PROBLEM TO WORK ON. When you reach the line holding "Building Photo - 386 Tranquil Peak Ct" in the material below, return that line and each one after it, word for word, with the pictures dropped.

INFORMATION SHOWN.
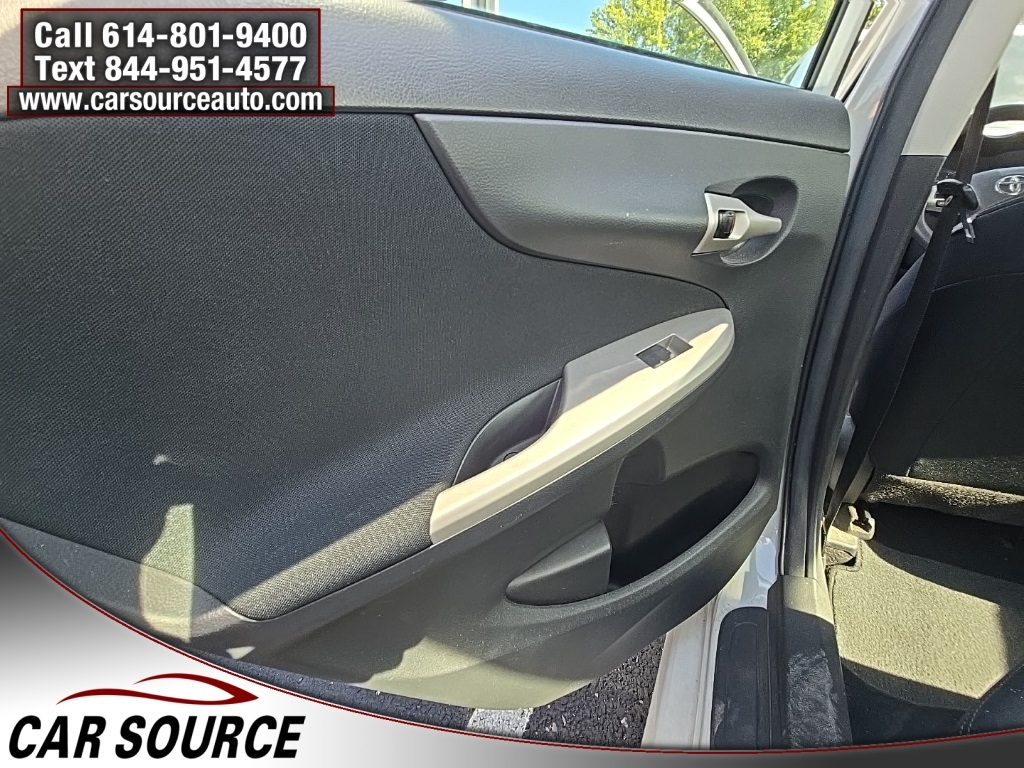 2012 Toyota Corolla L photo 17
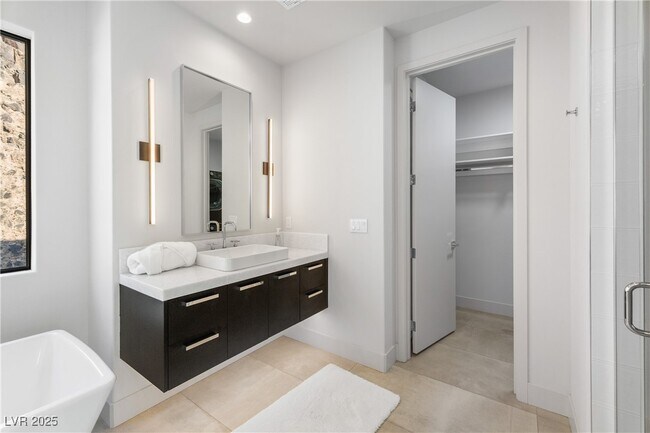 Building Photo - 386 Tranquil Peak Ct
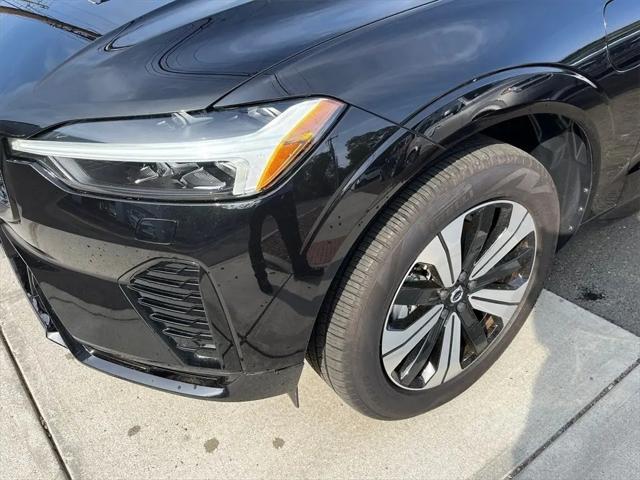 2025 Volvo XC60 Plug-In Hybrid Core, T8 AWD Electric/Gasoline, Dark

RESPONSE BOX.
 Building Photo - 386 Tranquil Peak Ct
 2025 Volvo XC60 Plug-In Hybrid Core, T8 AWD Electric/Gasoline, Dark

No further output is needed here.